By the end of his first year as a salesman at a “bulge-bracket” investment bank, he’s earning a salary of one-million dollars, with the promise of much more to come, including a gorgeous girlfriend, a beautiful, new apartment on Central Park West, and unexplained murders.

When Warren’s boss and mentor is found murdered, he becomes suspect number one, because in the high-octane, morally corrupt world of investment banking, one man’s death is another’s business opportunity.

When another banker is killed in the middle of an $11 billion deal, Warren finds himself in possession of the dead man’s personal laptop with information leading him to secret bank accounts, but doesn’t solve any murders. Offit saves that surprise for the very end.

With NOTHING PERSONAL, Offit delivers a gripping story filled with complex and cunning characters, unscrupulous corporate behavior, and the insatiable lust for money in a deeply corrupt world.

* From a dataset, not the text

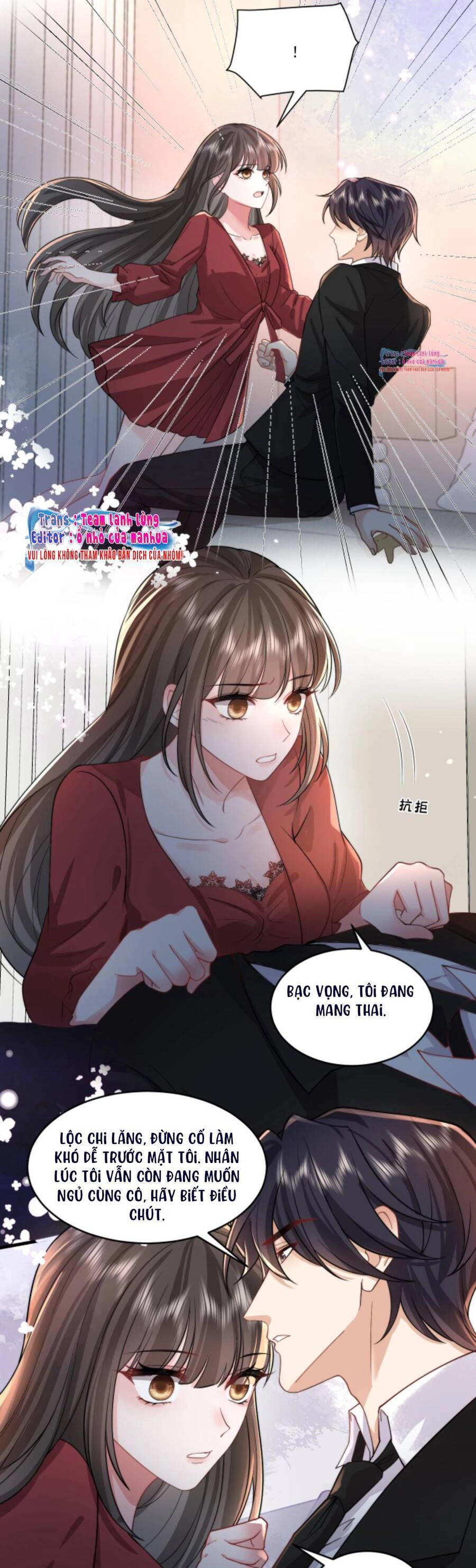 Thiên Kim Mù Phá Sản Và Tổng Tài Diêm Vương Chapter 60 - 10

“In writing the book I really wanted to educate people so that they understand a little bit more about the fundamentals of how banking, investment banking, and the trading world works,” says Offit.

“What’s really at the heart of these things — the complicated formulas that everybody talks about — is making people take on more risk than they want. The business of Wall Street is making money with money. And it really is personal. Every dollar that trades belongs to individuals.